Directions:
Everything from the first line of the material to the line containing "Book cover for Factory Profiler", inclusive, must be given again exactly; no pictures, and nothing past that line.

Material for the task:

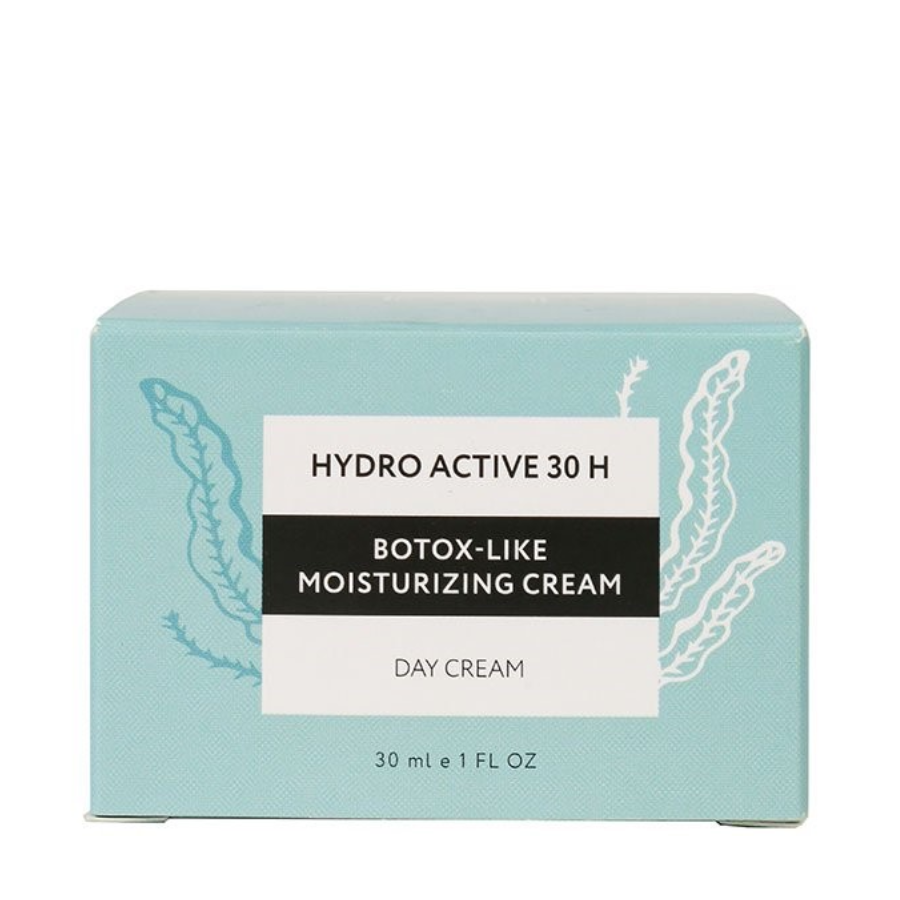 BEAUTY STYLE Крем увлажняющий дневной с ботоэффектом / Botox - like hydro active 30 мл, фото 2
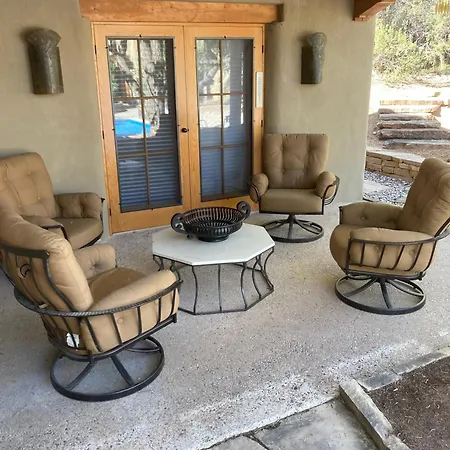 Holiday home Green Acres 8 Mins From Plaza! Santa Fe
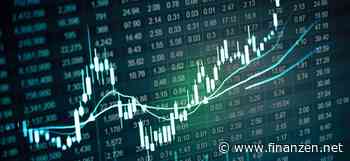 Volatiles Marktumfeld: Diese drei Aktien locken mit hohen Dividenden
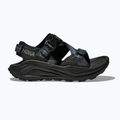 Sandali da uomo HOKA Infini Hike TC black/black 2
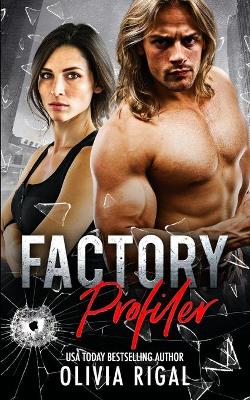 Book cover for Factory Profiler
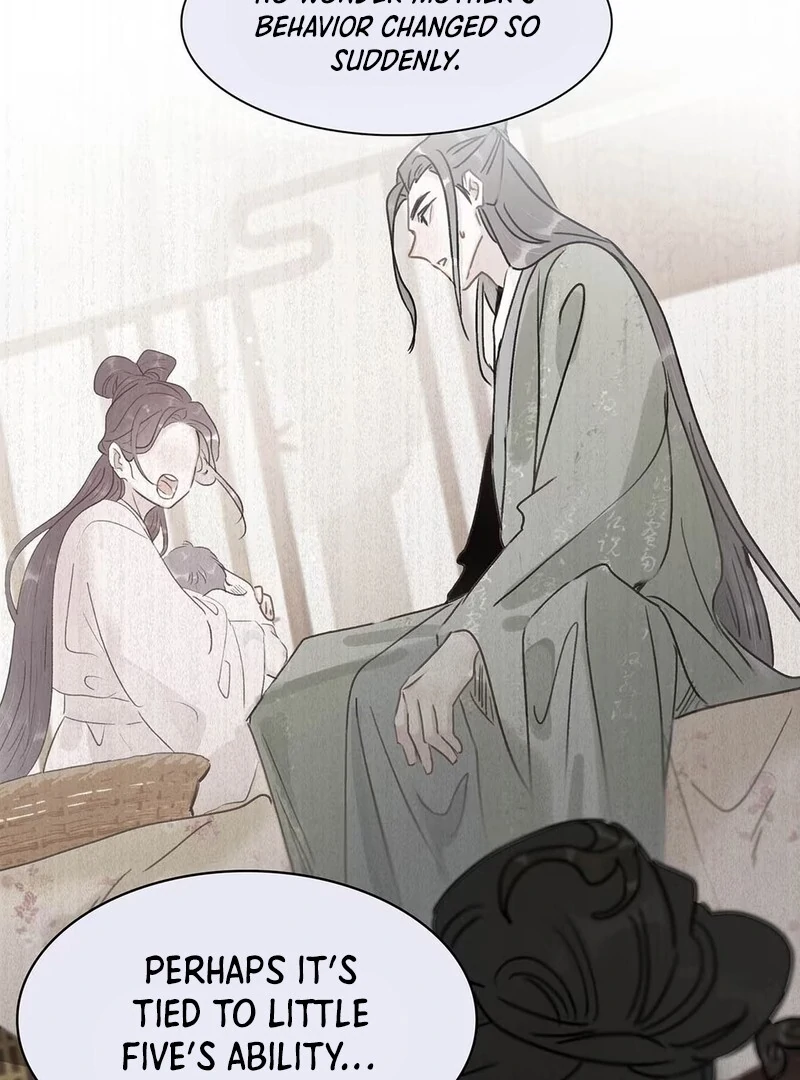 After The Novel Villains Heard My Inner Voice Chapter 5 - Page 18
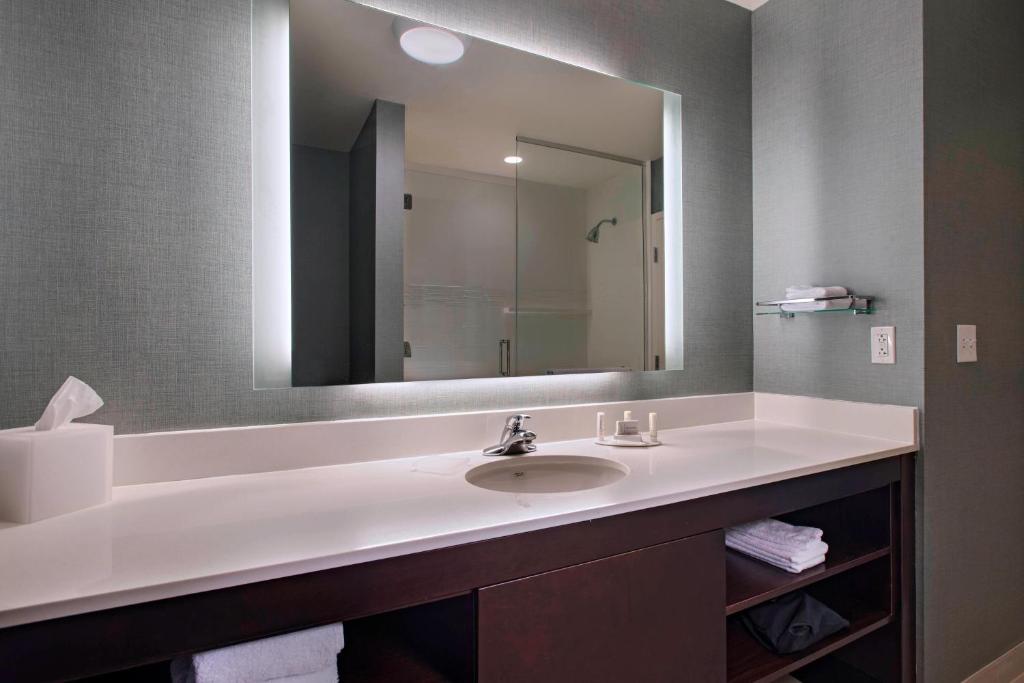 Residence Inn by Marriott Jackson The District at Eastover photo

Result:
 BEAUTY STYLE Крем увлажняющий дневной с ботоэффектом / Botox - like hydro active 30 мл, фото 2
 Holiday home Green Acres 8 Mins From Plaza! Santa Fe
 Volatiles Marktumfeld: Diese drei Aktien locken mit hohen Dividenden
 Sandali da uomo HOKA Infini Hike TC black/black 2
 Book cover for Factory Profiler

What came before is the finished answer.